Copyright Protection at Scale: Pex's Journey with DataStax Astra Streaming

Pex is a digital rights technology company specializing in enabling fair and transparent use of copyrighted works across the internet. With their industry-leading content identification technology, Pex helps copyright owners find and track their works in user-generated content on platforms such as YouTube, Facebook, Instagram, Twitter, and TikTok. The company has been working on building a scalable and cost-effective system for the past nine years, using data and message queuing systems to process vast amounts of metadata.

Pex

Products & Services

DataStax Astra Streaming

Industry

Technology

Location

Los Angeles, CA
Contact Sales
  • Processes between 50,000 to 100,000 messages per second through Astra Streaming, providing copyright owners the ability to ensure fair and transparent usage of their works across various platforms.
  • Enables the ability to scale up and down based on the workload, allowing Pex to process data without concerns about capacity limitations.
  • Assures a very high level of uptime, as the entire system relies on Astra Streaming for processing.

The Challenges:

Pex faced several challenges in building and operating its system at scale. One of the main challenges was to develop and operate solutions in a cost-effective manner. Leveraging the cloud was a logical choice for Pex, considering the need to optimize costs and experiment with different product development paths. The key to their success was building their system around a persistent message queue that enabled efficient processing of data on compute resources.

According to David Southwell, Director of Infrastructure Engineering at Pex, “Upon understanding the foundations of leveraging ephemeral computing and message queuing systems, we envisioned how far Pex could push the system and how many different types of workloads and products they could develop. The ability to mold these workloads to the paradigm of executing at scale at a low cost opened up numerous possibilities for the company.”

The Solution:

Pex evaluated different messaging queues and streaming systems over the years. They started with RabbitMQ and then switched to Google Pub/Sub, which could scale with their growing workload.
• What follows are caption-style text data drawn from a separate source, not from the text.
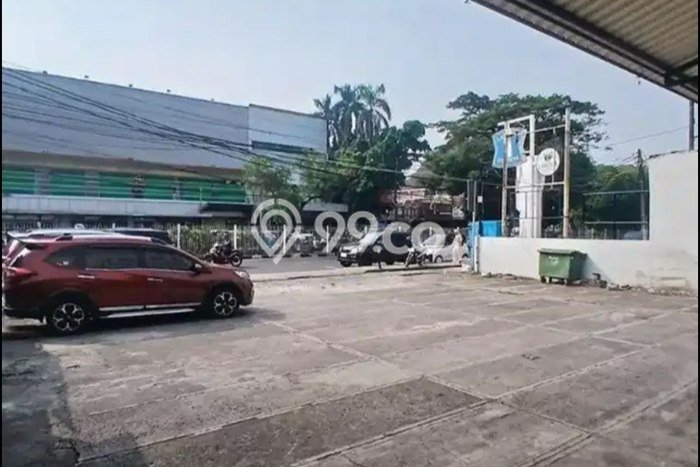 Ruko For Rent di Rawamangun, Luas 450m², Area Premium Ruko For Rent di Rawamangun, Luas 450m², Area Premium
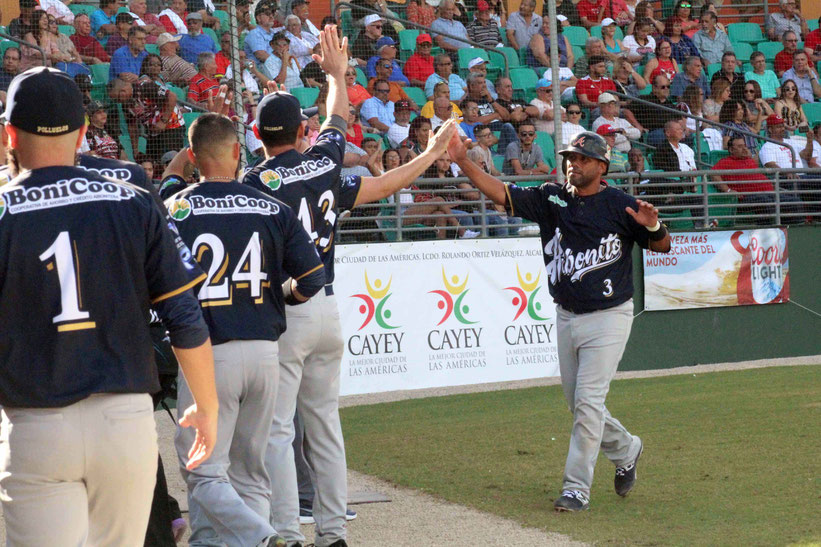 Luis 'Wicho' Figueroa celebra con sus compañeros al marcar carrera (foto por Israel Rivera)
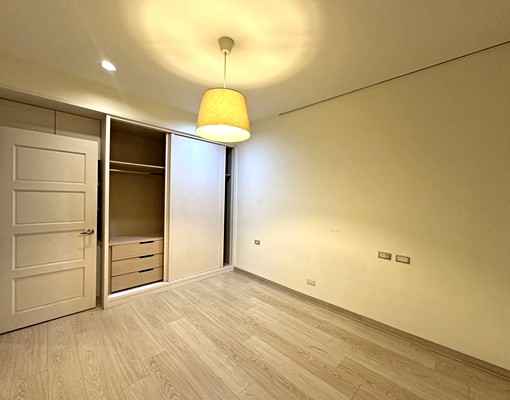 可租補✨免服務費✨近三重國小捷運機能四房⭐五泰阿亨 - Image 7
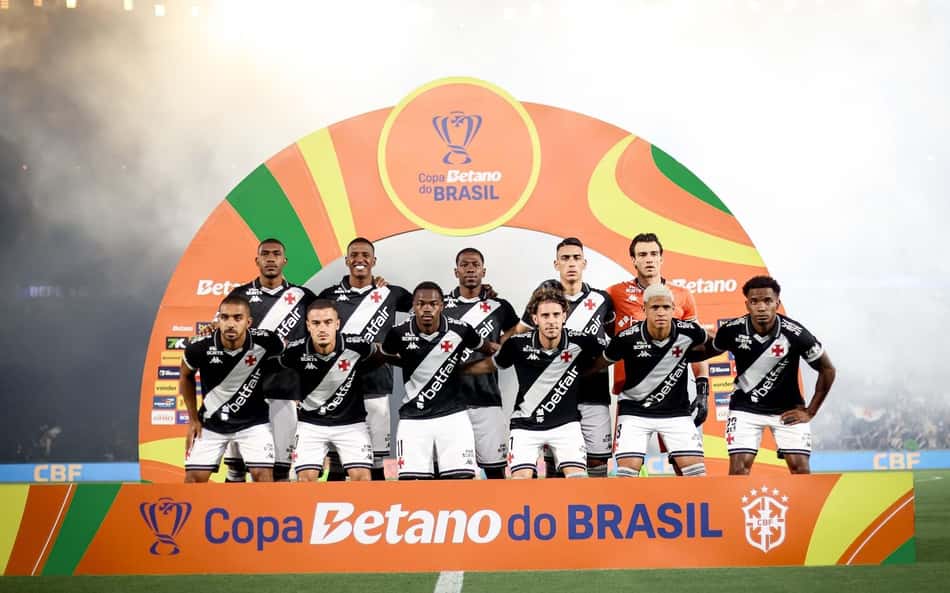 Elenco do Vasco na semifinal da Copa do Brasil (Foto: Thiego Mattos/Pera Photo Press/Gazeta Press)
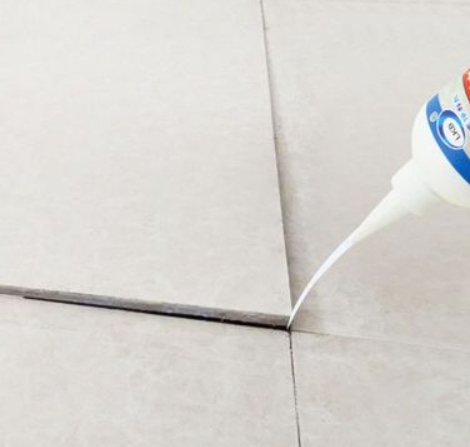 小店瓷砖空鼓维修公司分享卫生间瓷砖脱落的原因可能有以下几点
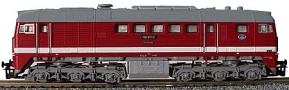 [Lokomotivy] → [Motorové] → [BR 120] → 02564: červená s bílým pruhem, šedou střechou a pojezdem, nákladní lokomotiva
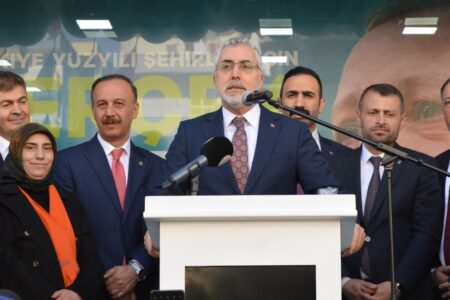 Minister Işıkhan: Von Mentalitäten, die den Lebensunterhalt der Menschen dem Terrorismus sichern, sind keine großen Projekte zu erwarten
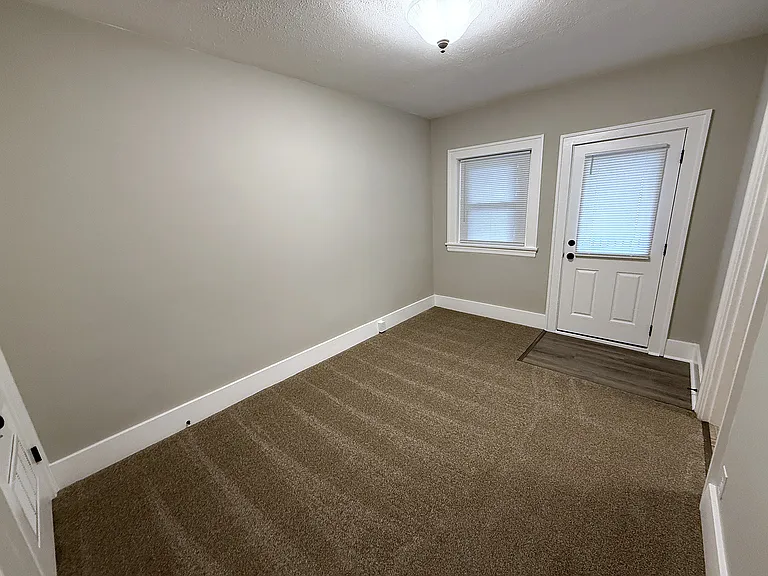 2235 S Shelby St — Photo 14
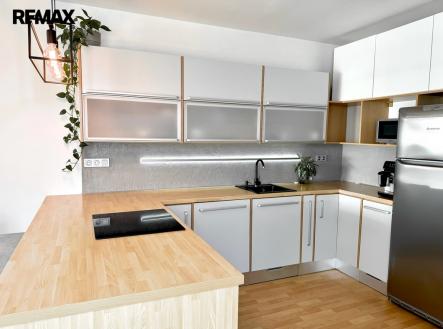 Prodej bytu, 2+kk, 75 m²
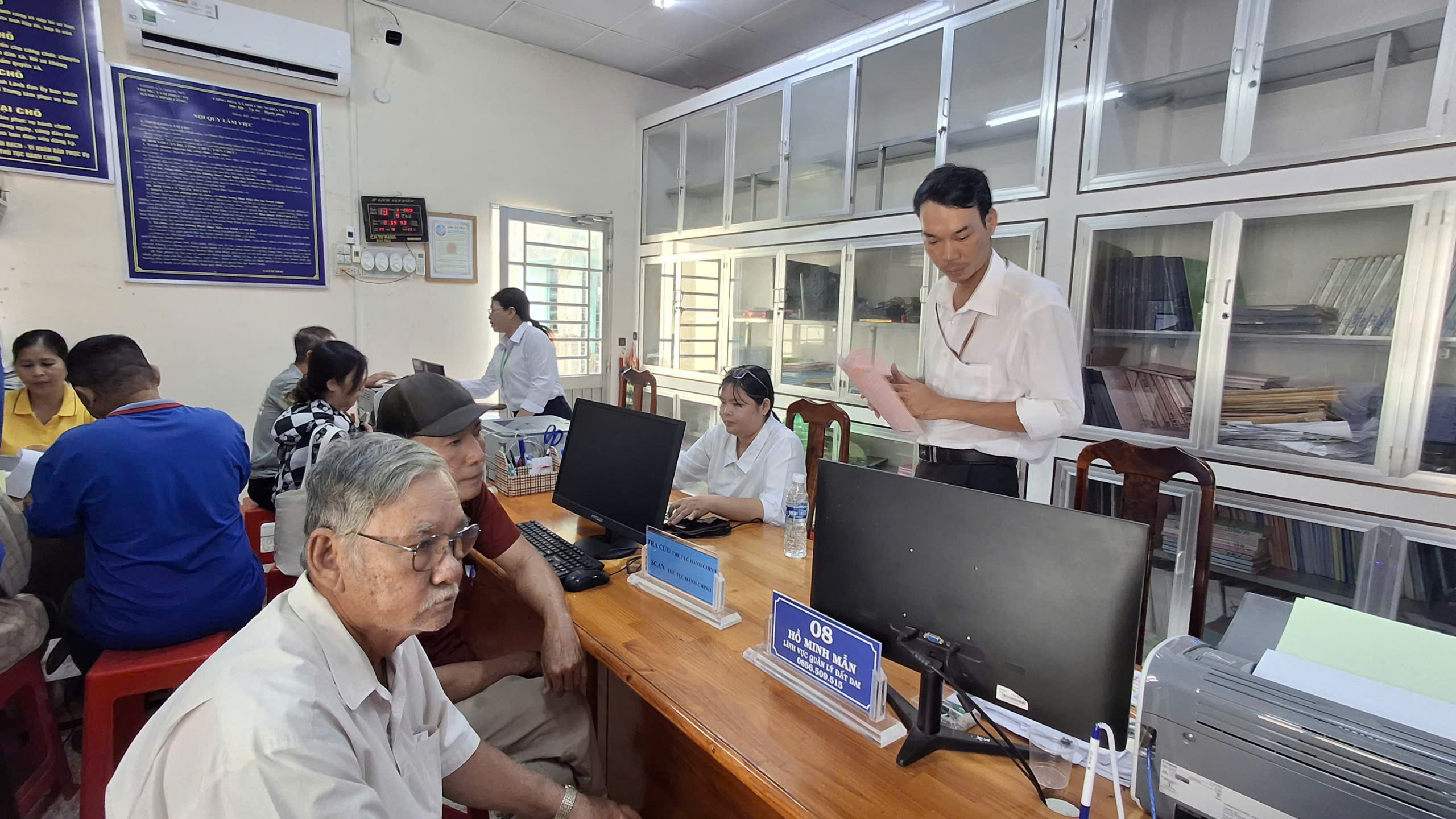 Công chức Trung tâm đang hướng dẫn thủ tục hành chính cho người dân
When Pex transitioned to Microsoft Azure, they considered native solutions but ultimately chose Apache Pulsar™ due to its unique capability to define functions that run against each processed by the system. They initially evaluated and ran Pulsar on their own but later discovered Kesque, a managed service for Pulsar, which they continued using after DataStax acquired the service and introduced Astra Streaming.

DataStax Astra Streaming is an advanced, fully-managed messaging and event streaming service built on Pulsar. It enables companies to stream real-time data at scale, delivering applications with massive throughput, low latency, and elastic scalability from any cloud, anywhere in the world.

Astra Streaming is a foundational building block of Pex's infrastructure and is critical to its operations. “The uptime and reliability of Astra Streaming are of utmost importance, as any downtime impacts ourdata processing. Pex has found Astra Streaming to be a robust solution, and the accessibility of the DataStax team, their expertise, and their involvement in the open-source community are significant benefits for Pex. Collaborative interactions, particularly with subject matter experts at DataStax, have been highly valued,” Southwell says.

The Results:

Pex's system auto-scales based on the volume of messages processed, which fluctuates depending on the efficiency of their content-finding systems. On average, Pex processes between 50,000 to 100,000 messages per second through Astra Streaming. These messages vary in size, ranging from a few bytes to several megabytes. Pex worked closely with the DataStax team to optimize the client-side library and server-side configurations to handle such a diverse workload. Astra Streaming efficiently scales up and down based on the workload, allowing Pex to process data without concerns about capacity limitations.

Astra Streaming and the DataStax team have helped Pex address its challenges and enable its scalable and cost-effective system to grow. By leveraging the power of Astra Streaming and the cloud, Pex has efficiently processed vast amounts of media and metadata, and provided copyright owners with fair and transparent usage of their works across various platforms.

“Astra Streaming has proven to be a robust and reliable solution, allowing Pex to handle data at scale without concerns about capacity limitations,” says Southwell.

With Astra Streaming as a foundational building block, Pex is well-positioned to continue pushing the boundaries of its system and exploring new possibilities in the digital rights industry.”